La nuova rubrica irriverente di Centotrentuno.com, rigorosamente al femminile.
Esiste una strana sindrome, che colpisce chi lavora nei luxury shop, che sarebbero i negozi stilosi che vendono oggetti di lusso. Questa sindrome si chiama l’atteggio.
Non importa dove tu sia, se in una grande metropoli o in una piccola città, in un aeroporto o o in un grande magazzino: appena varchi la soglia del negozio o dello spazio dove è adibito il luxury shop, le addette o addetti alle vendite ti appaiono, per le loro movenze ed espressioni facciali – insomma per le arie che si danno – come se si sentissero designate a stare lì per incarico divino. Se non sei cliente abituale e osi entrare per guardare, ti fulminano come Anna Wintour, guru della moda mondiale, guarderebbe un’aspirante influencer senza seguito, che osi violare il tempio di Vogue America.
L’ambiente glamour, profumato ed illuminato con tonalità di luce extrafredda come chi ci lavora, ti fa sentire come una che è capitata lì dentro per sbaglio. E, davvero: in quel momento ti sfiora il pensiero che sia stato veramente uno sbaglio. Ti guardano come se capissero subito che guardando un capo potresti – addirittura – chiedere il prezzo. Affrontu leggiu! Come se nello shopping luxury domandare, ragionare sul costo di un acquisto fosse un sacrilegio al luogo e unìoffesa a loro, manco fossero parenti in linea retta con lo stilista della maison del capo di abbigliamento in questione. Quindi, per non correre il rischio di fare il remake di Pretty Woman (quando Julia Roberts tenta di fare il suo primo shopping da Signora nei negozi di lusso hollywoodiani), ecco tre regole da seguire attentamente:
- Non osare entrare con outfit banali: il giusto basic must potrebbe essere un pantalone di pelle aderente portato con tacco dodici seducente, camicia di seta con piumino e gilet sopra di pelliccia ecologica (tutto rigorosamente firmato). È ammesso anche un casual look: tuta da ginnastica o pantacollant griffati infilati dentro comodi stivali pelosi di brand famosi, fasciona nei capelli (tipo turbante) con viso stuccato, ma ancora gonfio, livido o arrossato che dimostri che sei appena uscita da una seduta del tuo settimanale trattamento estetico.

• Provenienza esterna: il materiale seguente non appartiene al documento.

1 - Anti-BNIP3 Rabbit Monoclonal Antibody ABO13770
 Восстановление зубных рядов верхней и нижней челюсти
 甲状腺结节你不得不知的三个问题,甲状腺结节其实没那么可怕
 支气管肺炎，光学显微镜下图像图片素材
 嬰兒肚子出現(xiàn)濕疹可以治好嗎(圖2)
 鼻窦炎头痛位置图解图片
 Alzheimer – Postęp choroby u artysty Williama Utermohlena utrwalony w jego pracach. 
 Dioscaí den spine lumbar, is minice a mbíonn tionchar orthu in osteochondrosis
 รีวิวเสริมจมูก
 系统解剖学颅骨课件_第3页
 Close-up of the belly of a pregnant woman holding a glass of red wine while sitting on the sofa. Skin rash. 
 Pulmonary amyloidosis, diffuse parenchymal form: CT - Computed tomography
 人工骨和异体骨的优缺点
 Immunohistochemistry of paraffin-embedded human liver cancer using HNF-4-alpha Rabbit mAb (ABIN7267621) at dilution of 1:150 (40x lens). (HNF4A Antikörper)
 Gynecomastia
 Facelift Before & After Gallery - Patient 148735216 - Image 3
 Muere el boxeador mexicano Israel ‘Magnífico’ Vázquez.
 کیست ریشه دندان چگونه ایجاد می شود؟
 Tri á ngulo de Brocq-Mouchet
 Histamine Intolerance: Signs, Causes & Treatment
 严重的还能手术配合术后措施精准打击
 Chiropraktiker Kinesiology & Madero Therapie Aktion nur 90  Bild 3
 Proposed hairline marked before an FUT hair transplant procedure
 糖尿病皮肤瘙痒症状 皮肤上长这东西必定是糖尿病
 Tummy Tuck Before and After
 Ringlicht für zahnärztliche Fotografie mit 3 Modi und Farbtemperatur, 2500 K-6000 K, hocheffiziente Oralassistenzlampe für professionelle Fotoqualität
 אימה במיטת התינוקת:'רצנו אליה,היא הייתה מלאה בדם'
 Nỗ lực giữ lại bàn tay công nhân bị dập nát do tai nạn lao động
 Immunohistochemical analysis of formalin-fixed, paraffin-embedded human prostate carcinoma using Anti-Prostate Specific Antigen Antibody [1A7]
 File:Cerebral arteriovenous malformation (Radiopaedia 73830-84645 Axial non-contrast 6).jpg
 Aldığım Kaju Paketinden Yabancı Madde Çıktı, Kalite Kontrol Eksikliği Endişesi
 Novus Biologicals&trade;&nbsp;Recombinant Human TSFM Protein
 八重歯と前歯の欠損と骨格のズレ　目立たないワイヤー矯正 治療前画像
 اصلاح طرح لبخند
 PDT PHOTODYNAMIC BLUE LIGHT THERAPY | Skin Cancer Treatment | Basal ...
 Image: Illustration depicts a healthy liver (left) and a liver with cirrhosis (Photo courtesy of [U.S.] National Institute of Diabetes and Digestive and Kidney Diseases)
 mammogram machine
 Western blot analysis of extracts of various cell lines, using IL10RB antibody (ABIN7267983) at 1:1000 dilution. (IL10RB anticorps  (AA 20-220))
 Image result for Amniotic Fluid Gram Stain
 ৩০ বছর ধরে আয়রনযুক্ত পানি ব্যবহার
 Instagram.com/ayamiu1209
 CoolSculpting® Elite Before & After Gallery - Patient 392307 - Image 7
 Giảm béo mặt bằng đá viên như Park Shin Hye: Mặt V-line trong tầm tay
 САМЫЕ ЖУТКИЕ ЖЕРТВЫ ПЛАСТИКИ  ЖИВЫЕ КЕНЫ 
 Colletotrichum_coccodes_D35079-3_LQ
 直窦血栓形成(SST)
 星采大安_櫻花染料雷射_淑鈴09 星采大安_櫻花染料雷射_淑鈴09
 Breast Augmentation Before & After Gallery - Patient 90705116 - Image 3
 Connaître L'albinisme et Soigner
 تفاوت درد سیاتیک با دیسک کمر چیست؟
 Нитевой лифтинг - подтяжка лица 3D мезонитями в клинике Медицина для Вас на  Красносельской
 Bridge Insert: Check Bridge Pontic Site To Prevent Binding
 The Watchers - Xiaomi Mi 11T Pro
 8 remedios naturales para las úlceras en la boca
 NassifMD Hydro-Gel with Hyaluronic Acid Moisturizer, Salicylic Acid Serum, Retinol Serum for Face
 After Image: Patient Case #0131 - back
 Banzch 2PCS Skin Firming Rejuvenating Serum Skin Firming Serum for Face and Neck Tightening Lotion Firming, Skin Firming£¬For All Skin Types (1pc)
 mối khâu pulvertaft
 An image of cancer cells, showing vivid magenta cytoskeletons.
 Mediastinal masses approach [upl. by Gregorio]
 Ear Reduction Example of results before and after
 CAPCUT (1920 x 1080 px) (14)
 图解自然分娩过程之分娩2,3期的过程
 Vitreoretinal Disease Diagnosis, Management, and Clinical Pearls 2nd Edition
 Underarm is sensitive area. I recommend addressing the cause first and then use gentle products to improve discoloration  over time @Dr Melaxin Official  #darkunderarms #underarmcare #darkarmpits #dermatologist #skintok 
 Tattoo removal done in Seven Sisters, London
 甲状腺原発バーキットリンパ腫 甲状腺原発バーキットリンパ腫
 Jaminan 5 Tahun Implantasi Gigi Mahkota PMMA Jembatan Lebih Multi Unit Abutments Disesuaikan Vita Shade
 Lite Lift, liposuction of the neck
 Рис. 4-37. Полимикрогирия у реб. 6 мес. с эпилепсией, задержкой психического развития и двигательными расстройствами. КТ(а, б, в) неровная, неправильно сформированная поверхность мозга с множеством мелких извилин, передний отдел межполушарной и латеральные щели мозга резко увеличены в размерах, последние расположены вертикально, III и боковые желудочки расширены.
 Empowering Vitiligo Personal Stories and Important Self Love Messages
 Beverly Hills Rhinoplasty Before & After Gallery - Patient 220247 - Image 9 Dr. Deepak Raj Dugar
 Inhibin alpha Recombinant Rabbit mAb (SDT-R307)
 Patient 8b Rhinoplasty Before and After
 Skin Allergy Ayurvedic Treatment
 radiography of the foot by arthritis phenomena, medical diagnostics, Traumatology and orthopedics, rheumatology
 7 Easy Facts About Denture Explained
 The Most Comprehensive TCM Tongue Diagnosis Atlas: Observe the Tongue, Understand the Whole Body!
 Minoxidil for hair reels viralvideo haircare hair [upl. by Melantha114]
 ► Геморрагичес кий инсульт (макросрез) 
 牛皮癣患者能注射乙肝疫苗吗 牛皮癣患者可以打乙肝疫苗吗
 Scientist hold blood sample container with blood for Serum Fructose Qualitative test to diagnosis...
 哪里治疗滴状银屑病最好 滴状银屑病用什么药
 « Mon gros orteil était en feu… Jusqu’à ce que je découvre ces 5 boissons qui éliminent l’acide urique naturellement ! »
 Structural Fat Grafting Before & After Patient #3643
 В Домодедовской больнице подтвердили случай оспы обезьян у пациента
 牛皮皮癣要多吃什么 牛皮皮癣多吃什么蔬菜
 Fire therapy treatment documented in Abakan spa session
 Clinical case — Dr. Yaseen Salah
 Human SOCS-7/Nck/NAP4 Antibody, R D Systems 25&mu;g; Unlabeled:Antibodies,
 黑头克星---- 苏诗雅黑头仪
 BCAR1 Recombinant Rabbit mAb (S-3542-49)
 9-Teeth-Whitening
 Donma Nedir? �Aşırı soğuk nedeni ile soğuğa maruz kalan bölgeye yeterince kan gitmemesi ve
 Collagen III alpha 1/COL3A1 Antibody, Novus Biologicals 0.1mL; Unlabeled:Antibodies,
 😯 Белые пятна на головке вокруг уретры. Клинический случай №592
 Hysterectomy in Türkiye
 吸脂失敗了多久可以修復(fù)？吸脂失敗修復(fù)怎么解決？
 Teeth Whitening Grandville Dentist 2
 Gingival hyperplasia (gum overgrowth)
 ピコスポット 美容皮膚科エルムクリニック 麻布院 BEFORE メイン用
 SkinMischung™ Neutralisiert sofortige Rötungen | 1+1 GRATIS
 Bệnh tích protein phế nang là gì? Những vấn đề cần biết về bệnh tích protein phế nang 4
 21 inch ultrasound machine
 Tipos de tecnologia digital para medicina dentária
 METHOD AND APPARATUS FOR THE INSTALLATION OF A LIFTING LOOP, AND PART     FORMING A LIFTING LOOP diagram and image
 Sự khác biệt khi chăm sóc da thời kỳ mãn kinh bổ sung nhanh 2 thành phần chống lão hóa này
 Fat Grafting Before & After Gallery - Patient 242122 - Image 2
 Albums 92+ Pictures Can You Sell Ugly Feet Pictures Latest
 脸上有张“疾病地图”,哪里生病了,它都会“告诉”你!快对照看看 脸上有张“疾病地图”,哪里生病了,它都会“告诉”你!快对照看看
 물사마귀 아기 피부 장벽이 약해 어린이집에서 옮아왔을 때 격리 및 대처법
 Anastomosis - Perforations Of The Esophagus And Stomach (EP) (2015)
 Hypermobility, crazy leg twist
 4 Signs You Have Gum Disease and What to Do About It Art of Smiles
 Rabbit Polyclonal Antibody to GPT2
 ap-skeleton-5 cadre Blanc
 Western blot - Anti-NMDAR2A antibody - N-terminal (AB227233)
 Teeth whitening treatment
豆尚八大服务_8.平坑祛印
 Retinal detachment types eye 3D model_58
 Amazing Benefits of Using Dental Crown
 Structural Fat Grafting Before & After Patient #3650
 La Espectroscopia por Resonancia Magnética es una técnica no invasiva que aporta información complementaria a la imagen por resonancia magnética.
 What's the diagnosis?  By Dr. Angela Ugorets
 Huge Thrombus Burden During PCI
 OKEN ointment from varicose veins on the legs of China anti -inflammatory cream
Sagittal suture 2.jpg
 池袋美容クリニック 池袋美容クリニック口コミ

- Dimostrare immediato interesse per i must have di stagione, cioè per i capi di gran moda del momento. Pazienza se con i soldi che ti servirebbero per acquistarli potresti estinguere il mutuo del garage e se non ti è ben chiaro dove li potresti indossare, dato che a cappotto di peli di struzzo rosa e cappello a tese larghe ti sentiresti un po’ a disagio (o quanto meno osservata) in via Garibaldi. Devi ugualmente mostrarti adorante nei confronti di qualsiasi cosa ti propongano, altrimenti sei out dal gotha modaiolo mondiale.
- Non stupirsi MAI per il prezzo: una volta scelto il capo, camminate disinvolte con passo spedito verso la cassa e, mentre la commessa digita il totale, volteggiate la mano che tiene la carta di credito, parlando distrattamente con l’amica al proprio fianco, come se quello fosse uno dei tanti normali acquisti della giornata.
Dopo aver descritto i lasciapassare per il sontuoso mondo glamour, permettetemi una piccola riflessione tra il serio e il faceto. All’interno di una logica di comunicazione commerciale, a parte mostrare il valore estetico del capo da vendere e tutte le sue caratteristiche che testimoniano l’altissima qualità, rifletterei sul fatto che spesso quell’oggetto costa quanto lo stipendio della commessa che te lo sta proponendo. Non sarebbe meno professionale da parte loro, mostrare una certa empatia per chi vuol sentirsi a suo agio in un ambiente dove, forse, è la prima volta nella sua vita che riesce ad entrare per comprare l’oggetto del suo desiderio.
Senza contare che alcuni fanno delle scelte: una di queste potrebbe essere quella di fare degli acquisti oculati o riflettere sul costo di ognuno, nonostante il conto in banca ad otto zeri.